Are too many neuroscientists are trying to popularize the state of their science? Jason Zevin thinks so:
At best, most of what is known is more complicated than I'm able to understand--much less explain to a general audience. And at least some of what I know about any topic in neuroscience is liable to have been discredited by a recent article in Science or Nature. This makes me cautious whenever anyone turns to me for an authoritative opinion on anything regarding the brain.This is why it is always so disorienting to talk to people who have just read or are reading anything by Steven Pinker (such as his recent piece "The Moral Instinct" in the New York Times Magazine). Often, these people know all kinds of amazing things--including things I'm pretty sure aren't true. This is not to say that Pinker is a charlatan (although some researchers might actually go this far; a colleague just vandalised my copy of "The Stuff of Thought", changing it to "The Stuff I Just Thought Up"). The problem is that our field is one with many open questions, many confusing and apparently mutually exclusive data points, not to mention a dizzying array of theoretical perspectives to consider.
[snip]
When arguments are made with the goal of convincing people who lack the expertise to evaluate them, they are bound to fall short of what it would take to move the field forward. What Pinker ends up representing is an unfortunate fact of life in disciplines where so little is known with any certainty: often the rewards for winning arguments are much greater than the rewards for being right.
I think this essay is provocative, but that it conflates together two separate arguments . The first argument is that it's difficult (and perhaps reckless) to translate any science - like neuroscience - when the science is still mired in mystery. We don't know much about the brain, so it's not worthing letting the public in on our academic arguments. It's better to hash out the disputes in the passive tense prose of peer-reviewed journals. We can inform the masses when the problem is definitively solved.

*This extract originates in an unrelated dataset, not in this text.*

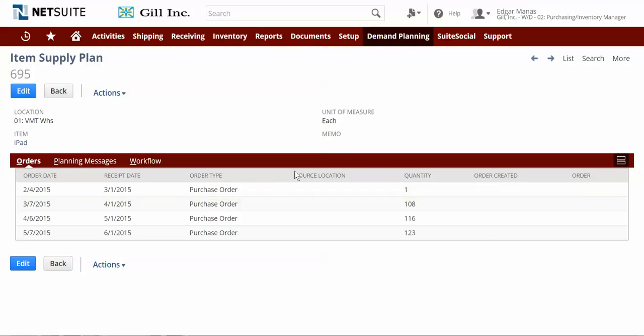Once the demand plan is created, I can create a supply plan for the iPad to automatically create planned POs in the future, considering the item's lead time and current inventory availability.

Needless to say, I think this is a terrible idea. It's wonderful that neuroscience has popularizers who are able to translate the complexities of their science into digestible books. The public pays for much of this research - it deserves to understand what's at stake. And while I clearly believe in the need for science journalists, I think there is also a need for people getting their updates straight from the source, even when it results in a distortion or simplification of the data. I believe such tradeoffs are necessary.

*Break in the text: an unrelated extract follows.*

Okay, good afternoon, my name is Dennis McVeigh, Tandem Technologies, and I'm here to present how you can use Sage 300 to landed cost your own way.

The second argument is that it's dangerous for scientists to apply their tenuous science to non-scientific subjects. This criticism I'm slightly more receptive to, but I still think it's a flawed idea. Steven Pinker, the scientist snarkily criticized for distorting the state of his science in the essay (the criticisms feel unfair to me, but I lack the expertise to know), has certainly been guilty of doing this. He's written best-selling books like The Blank Slate, which uses a particular view of the brain to cudgel everyone from sentimental liberals to post-modernists who, in Pinker's opinion, contradict this modern scientific data. Now I disagreed with much of The Blank Slate - I criticized Pinker's naive dismissal of Virginia Woolf in my own book - but I'm still glad Pinker published it. I think we need more scientific public intellectuals, not less.
The problem, as I see it, is when we automatically grant ambiguous scientific data some sort of exalted epistemic authority. The arguments of Pinker are only a problem when we pretend that Pinker has solved the problem of The Blank Slate, that his shiny scientific arguments have somehow negated every previous argument. All the big questions of neuroscience have grand intellectual histories. The latest paper in Nature or Neuron doesn't erase this history, it simply adds a new (and perhaps more accurate) layer. That's why I don't worry about scientists turning their hypotheses into best-sellers. Our societal debates could use a little more empiricism, even if that empiricism is bound to be imperfect.
I guess my point is simple: the mind is too important to not have scientists involved in the discussion.


Comments (10)
I thought The Blank Slate did a pretty good job on dismissing the until recently popular notion that human nature is almost completely malleable. He didn't do this using his "particular view of the brain" as much as by refering to behavioral genetics and its massive twin and adoption studies.